── Dataset excerpts
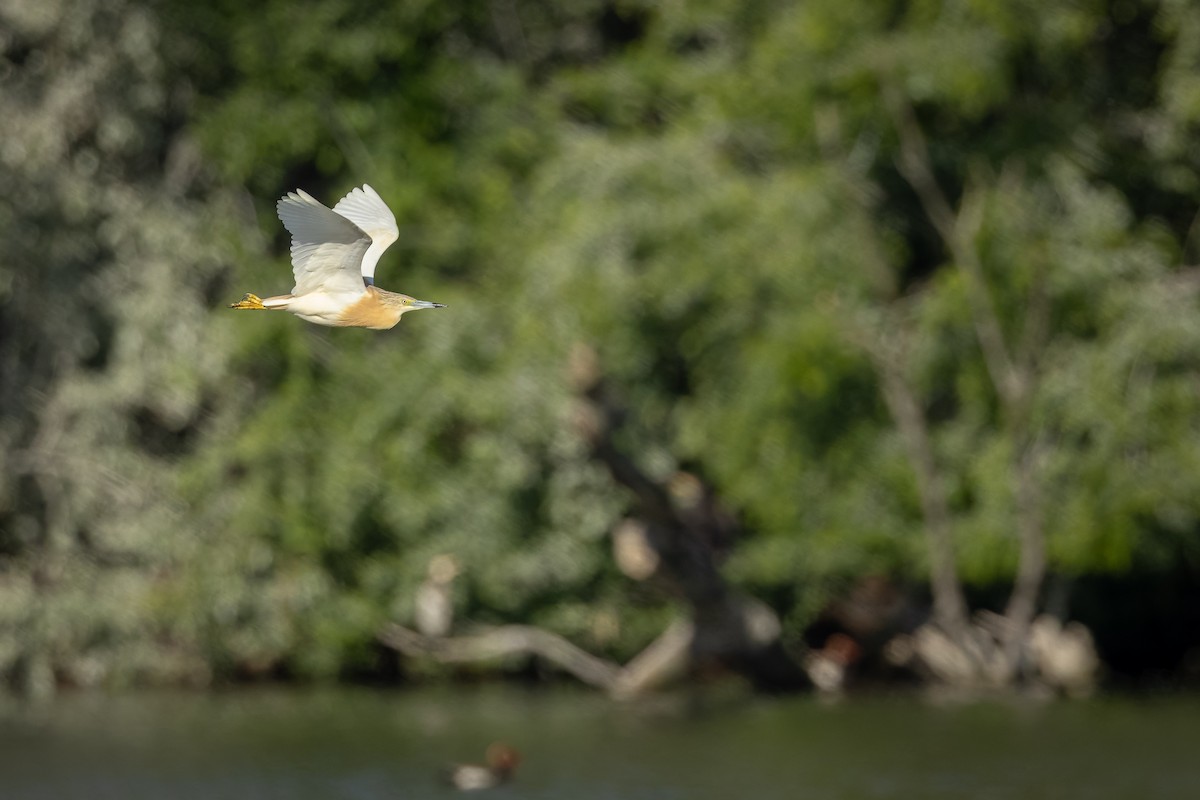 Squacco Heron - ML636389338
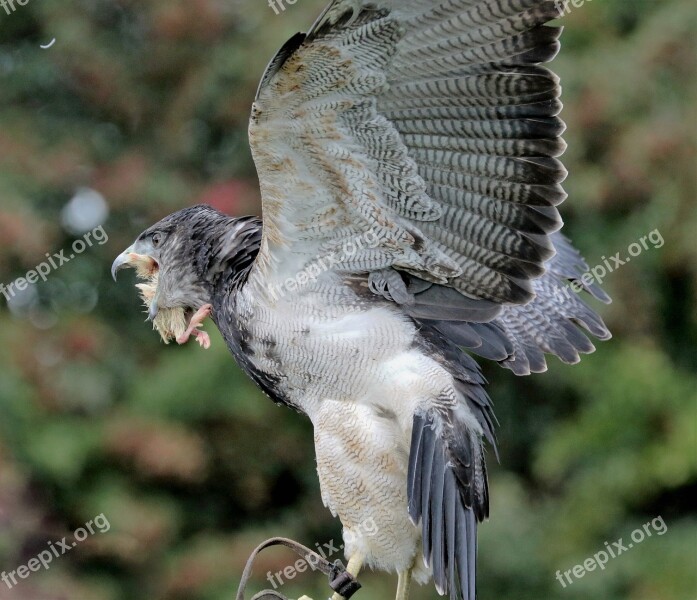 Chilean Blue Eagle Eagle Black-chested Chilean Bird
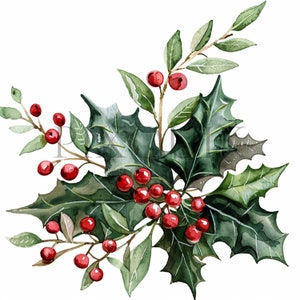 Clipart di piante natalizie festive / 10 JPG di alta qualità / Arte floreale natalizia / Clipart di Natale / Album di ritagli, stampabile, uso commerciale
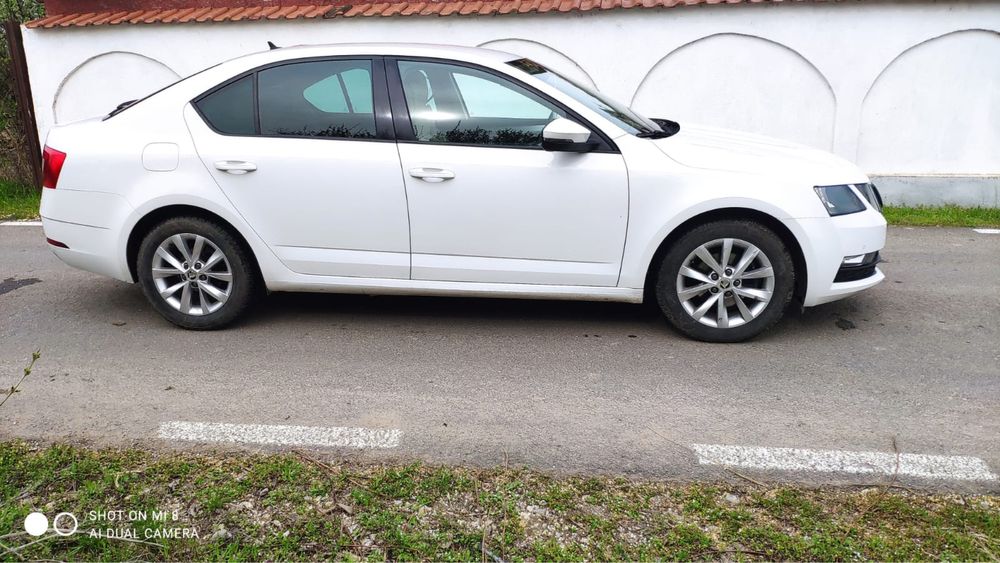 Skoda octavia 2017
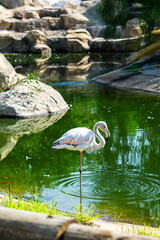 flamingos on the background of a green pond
────
▶ Assignment: Leaving every picture out, output the data exactly as it stands.

▶ Response below:
 Squacco Heron - ML636389338
 Chilean Blue Eagle Eagle Black-chested Chilean Bird
 Clipart di piante natalizie festive / 10 JPG di alta qualità / Arte floreale natalizia / Clipart di Natale / Album di ritagli, stampabile, uso commerciale
 Skoda octavia 2017
 flamingos on the background of a green pond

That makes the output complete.